Baca juga: Pusri pastikan stok pupuk subsidi aman
Ia mengatakan warga Palembang terutama di sekitar pabrik tidak perlu khawatir terkait limbah ini karena Pusri sangat serius dalam mengatasinya dengan memiliki sistem pengolahan limbah.
Bahkan, melalui sistem ini membuat terjadi keseimbangan lingkungan dari hulu ke hilir sehingga ketika limbah cairnya masuk ke Sungai Musi maka sudah bisa diterima oleh lingkungan.
Untuk upaya-upaya PT Pusri itu, pemerintah melalui Kementerian LHK juga sudah mengapresiasi perusahaan dengan pemberian penghargaan Proper 2020, yang mana Pusri menerima Proper Hijau.
“Adanya penghargaan itu menunjukkan bahwa Pusri sebagai industri kimia sudah cukup baik dalam pengelolaan limbahnya,” kata dia.
Sementara itu, Anggota Komisi IV DPR RI Riezky Aprilia mengatakan kedatangan pihaknya ke Pabrik Pusri Palembang ini tak lain untuk menindaklanjuti laporan masyarakat terkait limbah amonia yang mengeluarkan bau tidak sedap.
Baca juga: Dirut baru lanjutkan tranformasi bisnis Pusri jadi agriindustri
“Kami akui ini masih dalam proses, tadi kami sudah mengecek langsung. Pusri sudah melakukan semaksimal mungkin, tapi juga butuh bantuan dari masyarakat agar bersinergi untuk sama-sama menjaga lingkungan,” kata wakil rakyat dari Partai PDI-P daerah pemilihan Sumatera Selatan ini.
Ia mengatakan Pusri sudah berjanji untuk memperbaiki persoalan tersebut secara bertahap, serta menemukan solusi terbaik agar warga di sekitar pabrik tidak merasa dirugikan atas keberadaannya.

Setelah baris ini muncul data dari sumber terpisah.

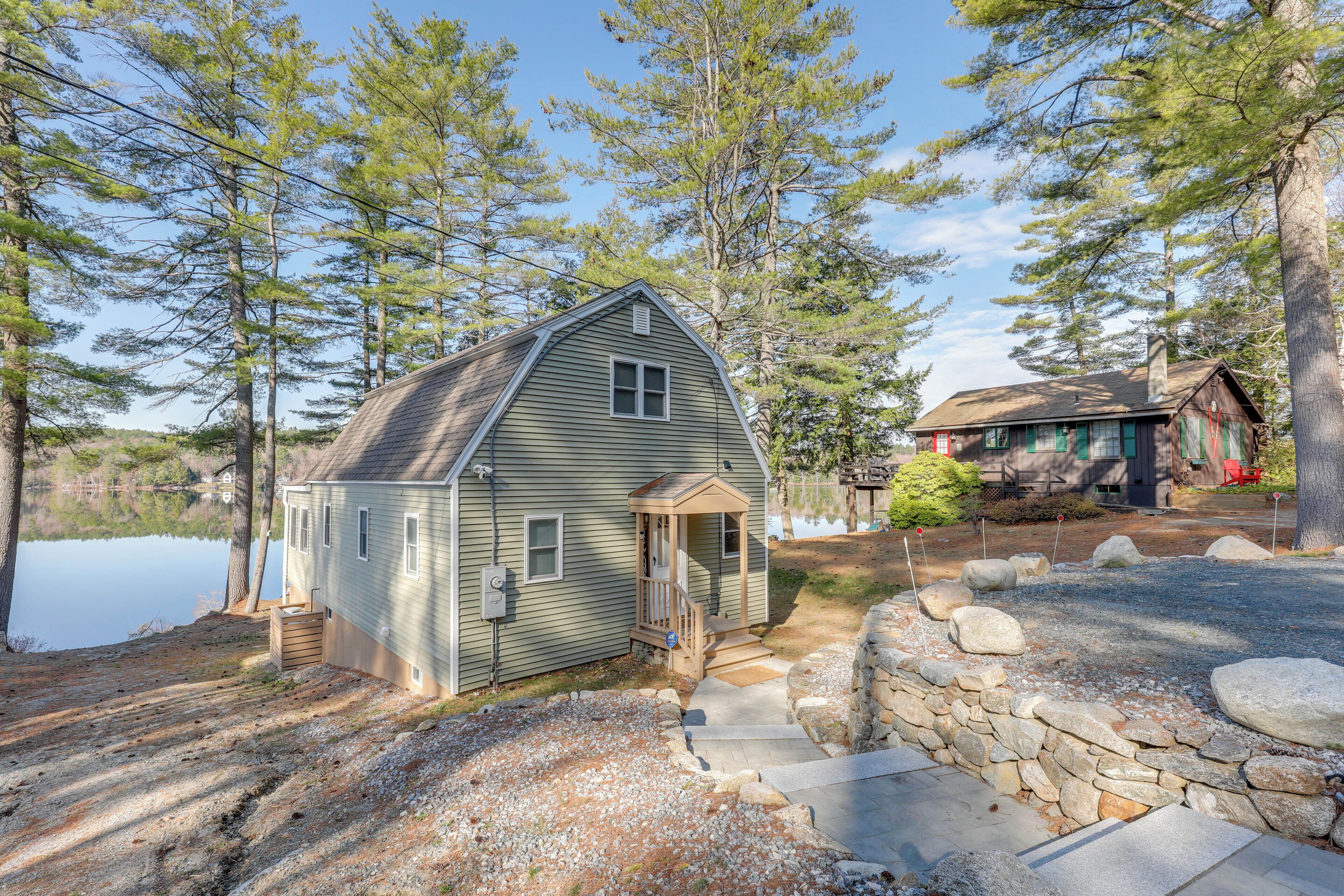 A small cabin with a porch, a stone wall, and a gravel path leading to the entrance.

“Bagaimana caranya agar warga di sekitar sungai terhindar dari polusi suara, ini salah satu laporan yang juga kami terima dari masyarakat,” kata dia.
Selain itu, ia juga menyoroti terkait seberapa efektif penyaluran dana tanggung jawab sosial karena muncul keluhan warga lantaran tidak merasakan manfaat nyata.

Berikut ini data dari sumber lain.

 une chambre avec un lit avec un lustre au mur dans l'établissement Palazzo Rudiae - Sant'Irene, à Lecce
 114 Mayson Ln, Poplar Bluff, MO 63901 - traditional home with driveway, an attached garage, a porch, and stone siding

”Kami mengharapkan dana CSR ini benar-benar menyentuh masyarakat di sini (Palembang), bukan justru ke tempat yang jauh-jauh,” kata dia.
Hal ini juga disampaikan anggota Komisi IV DPR RI lainnya, Reni Astuti dari Partai Gerinda dari Daerah Pemilihan Sumatera Selatan I.
“Masyarakat masih menyampaikan soal bau amonia, dan dana CSR yang tidak merata. Kami berharap ini menjadi perhatian,” kata Reni.
Terkait itu, Direktur Operasi dan Produksi Filius Yuliandi mengatakan adanya limbah amonia itu lantaran saat ini Pusri masih memiliki pabrik yang berusia sudah tua yakni Pusri III.
Namun, Pusri sudah membuat perencanaan untuk membangun Pusri 3B yang lebih ramah lingkungan dengan opsi lokasi di Palembang (Sumsel) dan Dumai (Riau). Proyek ini akan menggunakan dana konsorsium berkisar Rp10 triliun.
“Memang kami akui di pabrik masih ada bau amonia, tapi masih memenuhi kategori bahan baku mutu. Kami juga membuat ‘barrier’ ke lingkungan sekitar. Ini bentuk komitmen kami untuk menjaga lingkungan sebaik-baiknya,” kata Filius.
Terkait Dana CSR, Komisaris PT Pusri Bambang Soepriambodo mengatakan dirinya akan mengarahkan perusahaan untuk mengadopsi cara yang dilakukan Pupuk Kaltim dalam melakukan pemetaan sosial terkait bantuan CSR ini.
Sejauh ini, Pusri sudah membuat beberapa program di antaranya, bantuan air bersih di Pulau Kemaro, Rumah Tahfiz, program kemitraan usaha kecil, pencungkitan kain khas songket, program kampung holtikultura, dan program beasiswa anak petani jadi sarjana.
“Kami menjanjikan akan ada skala prioritas, jangan bantu yang jauh,” kata dia.